Federal Judge Overruled and Case is Re-assigned
I have written about Judge Lynn Hughes a couple of times. See my prior posts here and here. It is unfortunate, but some judges, even U.S. District Judges, just do not understand their duties. He has been overruled again. This time, the suit is a large qui tam lawsuit. In the case of Little v. Shell Exploration, No. 14-20156 (5th Cir. 2.23.2015), the Fifth Circuit had previously ruled that Judge Hughes applied an overly broad definition of public disclosure.The higher court found that in using this over broad analysis, Judge Hughes improperly ruled that plaintiffs (known as “relators” in qui tam actions) could not claim to have brought to light fraud by Shell. The lower court ruled that the fraud had already become part of the public discourse through prior public disclosures. In qui tam actions, the relators must be the first to expose fraud, waste or abuse.
The higher court ruled in that first appeal that Judge Hughes should re-look that analysis in light of a more narrow definition of public disclocures.

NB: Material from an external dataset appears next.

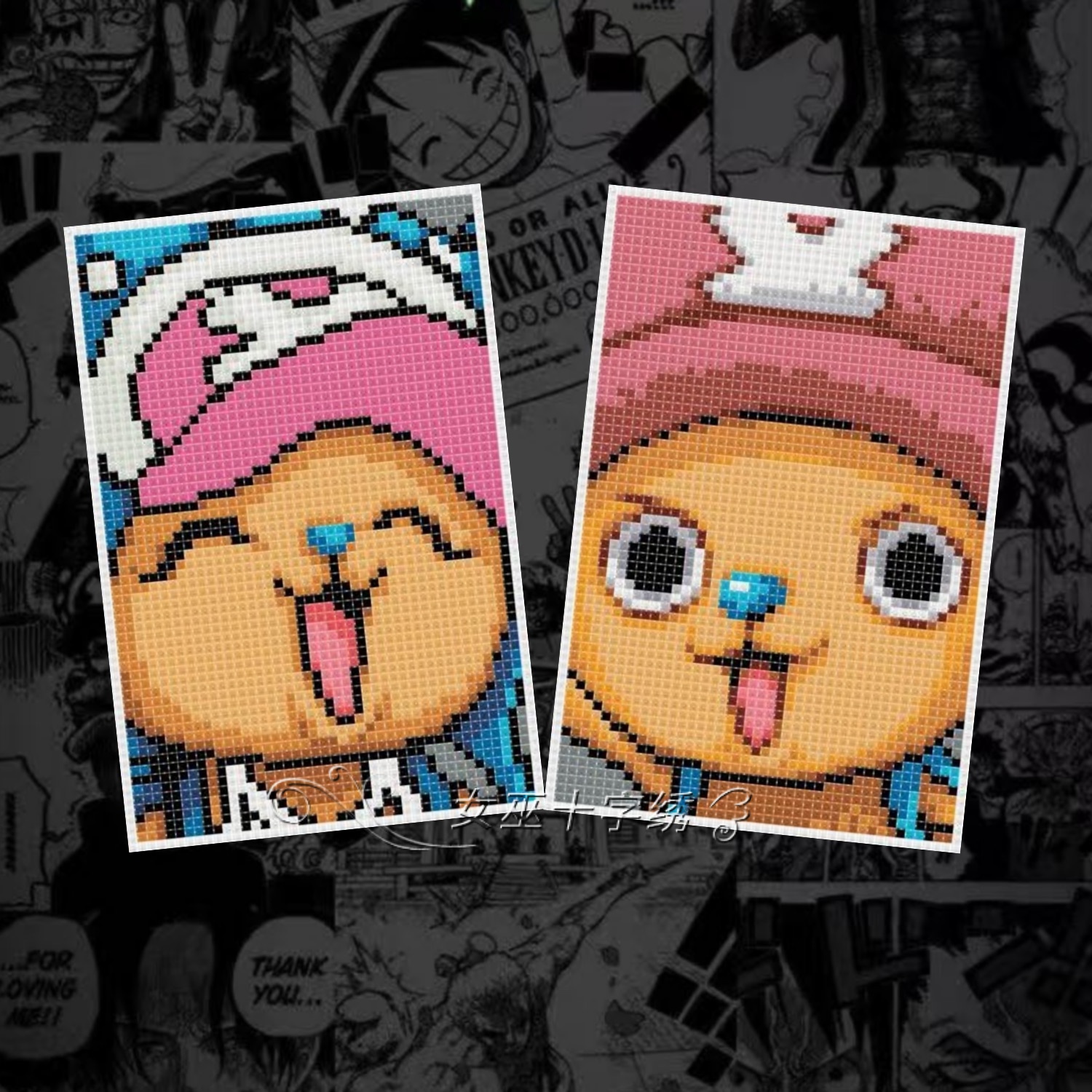 十字绣卡套海贼王乔巴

On remand following the first appeal, Judge Hughes essentially sat on Shell’s motion for summary judgment for a year and then issued a brief, five page opinion granting the motion, again. On appeal, for the second appeal, the higher court concludes that Judge Hughes did not follow its guidance in its first opinion regarding the False Claims Act and improperly granted summary judgment in favor of Shell. So, on this the second appeal, the Fifth Circuit re-assignes the matter to another judge. In the world of courts and litigation, that is as substantial a knock on a judge as we will see.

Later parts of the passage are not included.